Avoiding the term "absolute value", the problem is that, depending on the order in which you pass two args to fts:wordDistance(), it will (in general) return two different results, only one of which is correct. The onus is on the caller to pass the args in the order that delivers the correct result. But it does not always do so, as pointed out in the original comment.
Thanks for your comments, Mary! As I mentioned in the bug description, and as elaborated on by Michael Dyck, we seem to have an issue when handling a mix of stringIncludes and stringExcludes. So, until there is a resolution, I don't think the bug can be closed.
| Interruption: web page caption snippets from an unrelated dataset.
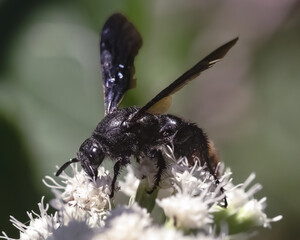 Close-up of a Blue-winged Digger Wasp (Scolia dubia) with black, orange, and yellow markings, feeding on white wildflowers. Long Island, New York, USA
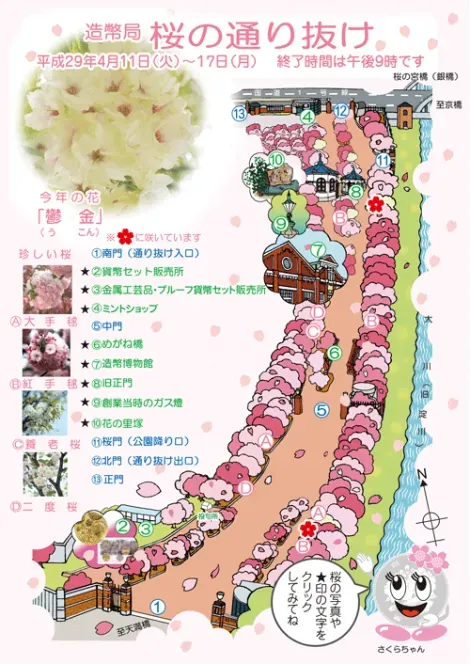 Mapa del jardín y los diferentes tipo de sakura.
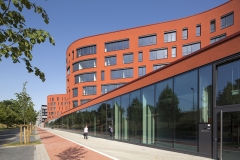 Dirk Matull Fotografie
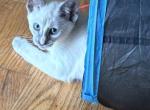 Beautiful Lilac Tortie Siamese - Siamese Kitten For Sale - Youngstown&comma; OH&comma; US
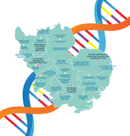 Clinical Genetics Services map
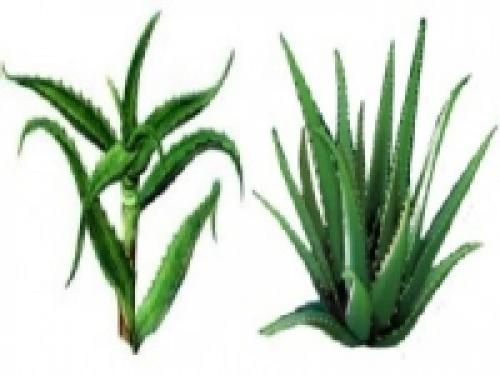Чем отличаются столетник и алоэ вера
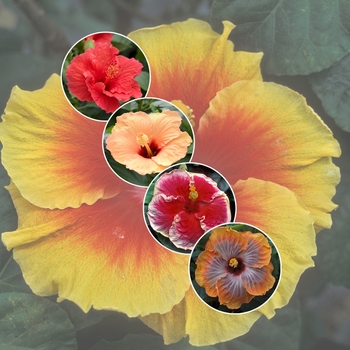 Hibiscus - 'Multiple Varieties' Hibiscus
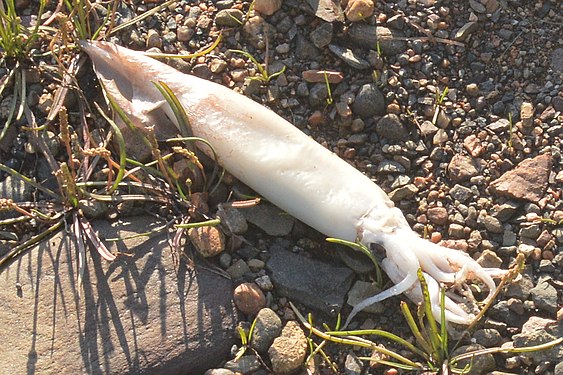 Northern Shortfin Squid (Illex illecebrosus)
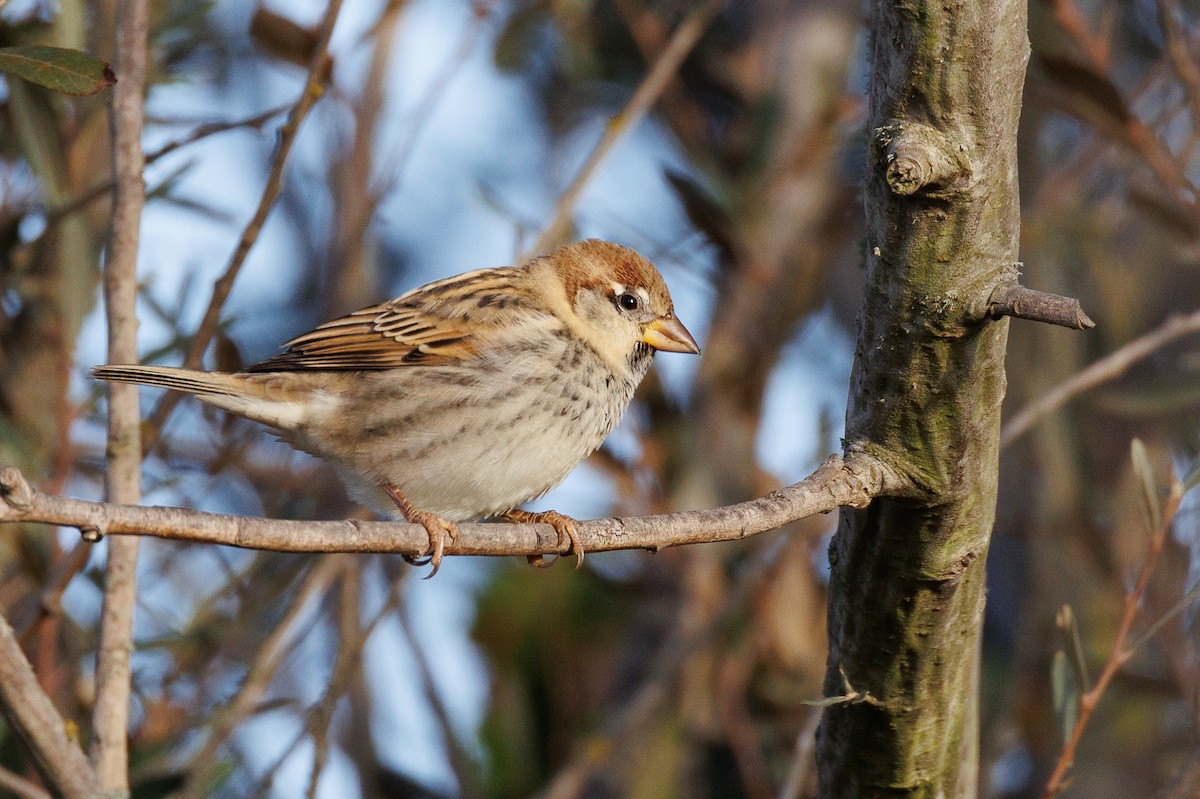 Spanish Sparrow - ML610021599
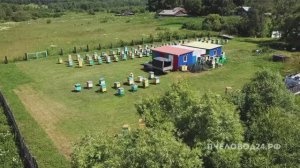 пчелопакеты в Красноярске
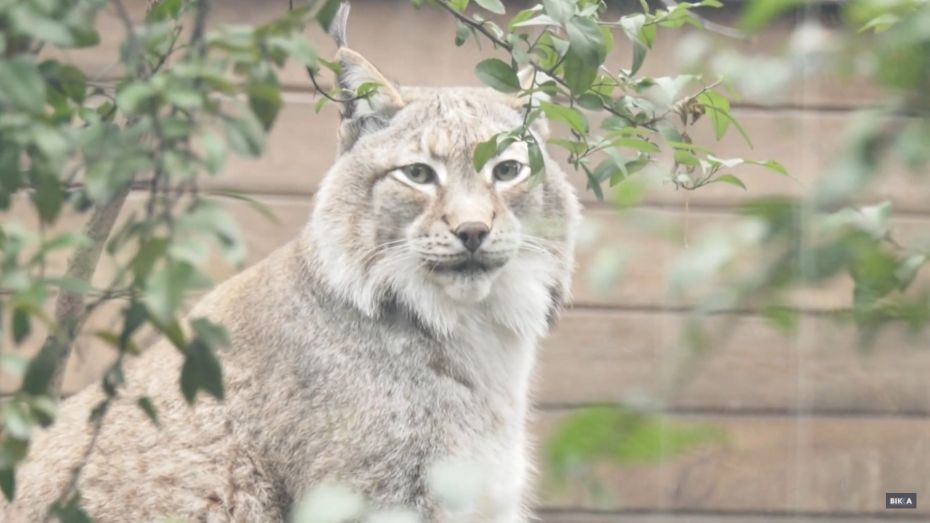 316215862_551126617029039_4043752341245841343n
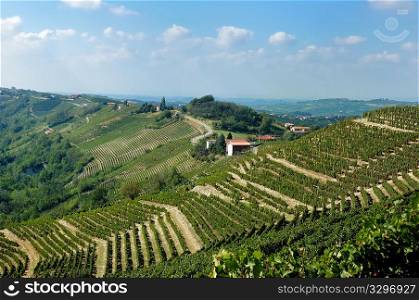 Vineyards panorama, Barbaresco hills, piemonte, Italy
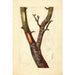 Pyrus communis Howell - Deborah Griscom Passmore — Ansicht des Kunstwerks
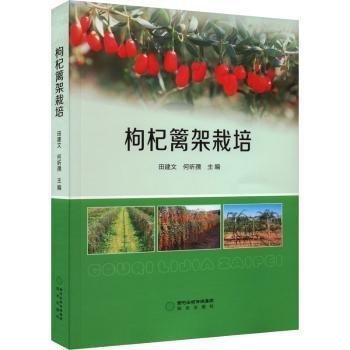 枸杞籬架栽培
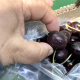 Se incrementa el porcentaje de fruta con pudriciones
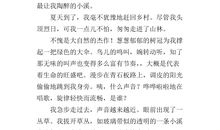 音乐让我陶醉作文600字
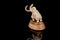 ivory statuette of elephant mammoth on black background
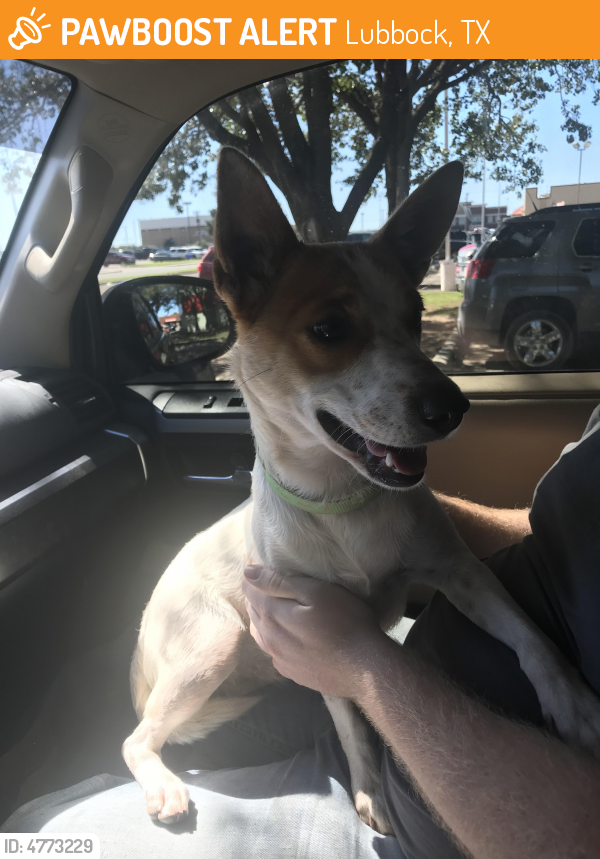 Found/Stray Female Dog in Lubbock, TX 79424 (ID 4773229) PawBoost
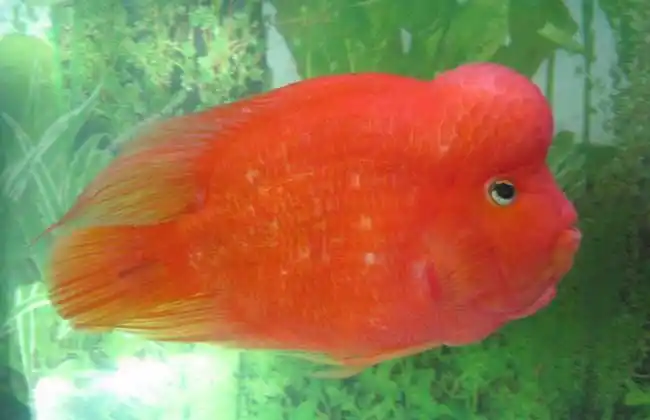 金刚鹦鹉鱼和普通鹦鹉鱼的区别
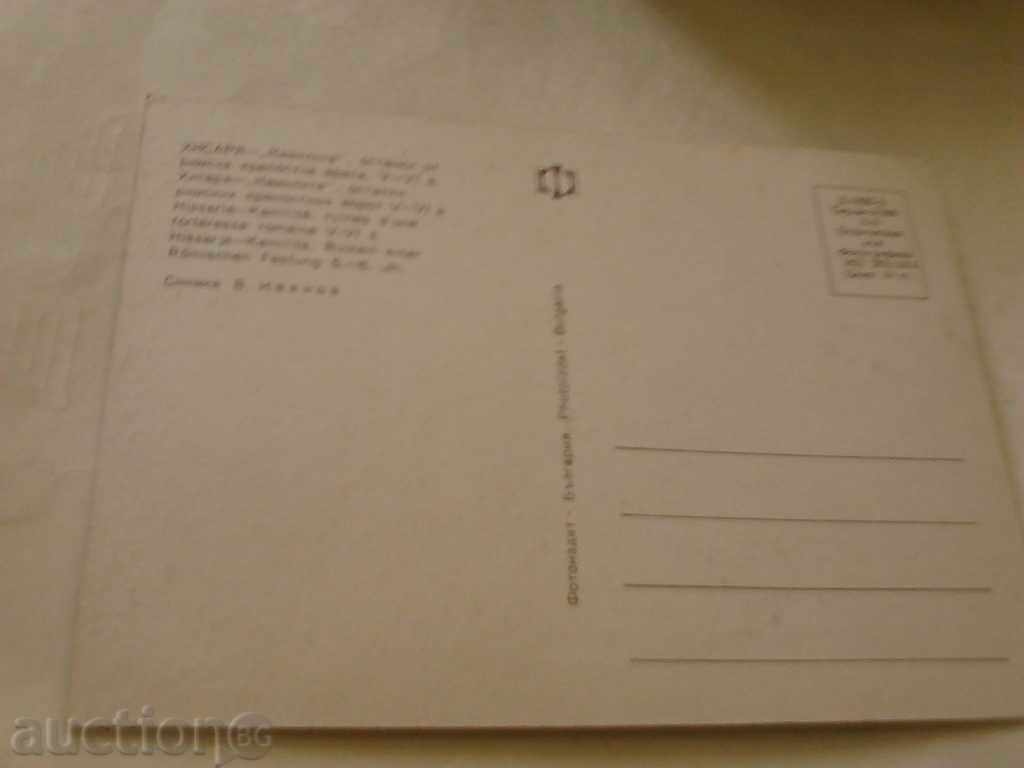Postcard Hissar Camels 1973 with price 0.45 BGN | € 0.23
The resolution is to modify functions xxDistance (xx=word, para, or sentence) to sort their inputs: declare function fts:wordDistance ( $tokenInfo1 as element(fts:tokenInfo), $tokenInfo2 as element(fts:tokenInfo) ) as xs:integer { (: Ensure tokens are in order :) let $sorted := for $ti in ($tokenInfo1, $tokenInfo2) order by $ti/@startPos ascending, $ti/@endPos ascending return $ti return (: -1 because we count starting at 0 :) $sorted[2]/@startPos - $sorted[1]/@endPos - 1 }; declare function fts:paraDistance ( $tokenInfo1 as element(fts:tokenInfo), $tokenInfo2 as element(fts:tokenInfo) ) as xs:integer { (: Ensure tokens are in order :) let $sorted := for $ti in ($tokenInfo1, $tokenInfo2) order by $ti/@startPos ascending, $ti/@endPos ascending return $ti return (: -1 because we count starting at 0 :) $sorted[2]/@startPara - $sorted[1]/@endPara - 1 }; declare function fts:sentenceDistance ( $tokenInfo1 as element(fts:tokenInfo), $tokenInfo2 as element(fts:tokenInfo) ) as xs:integer { (: Ensure tokens are in order :) let $sorted := for $ti in ($tokenInfo1, $tokenInfo2) order by $ti/@startPos ascending, $ti/@endPos ascending return $ti return (: -1 because we count starting at 0 :) $sorted[2]/@startSent - $sorted[1]/@endSent - 1 };
The changes to the functions resolve the issue. So, closing the bug.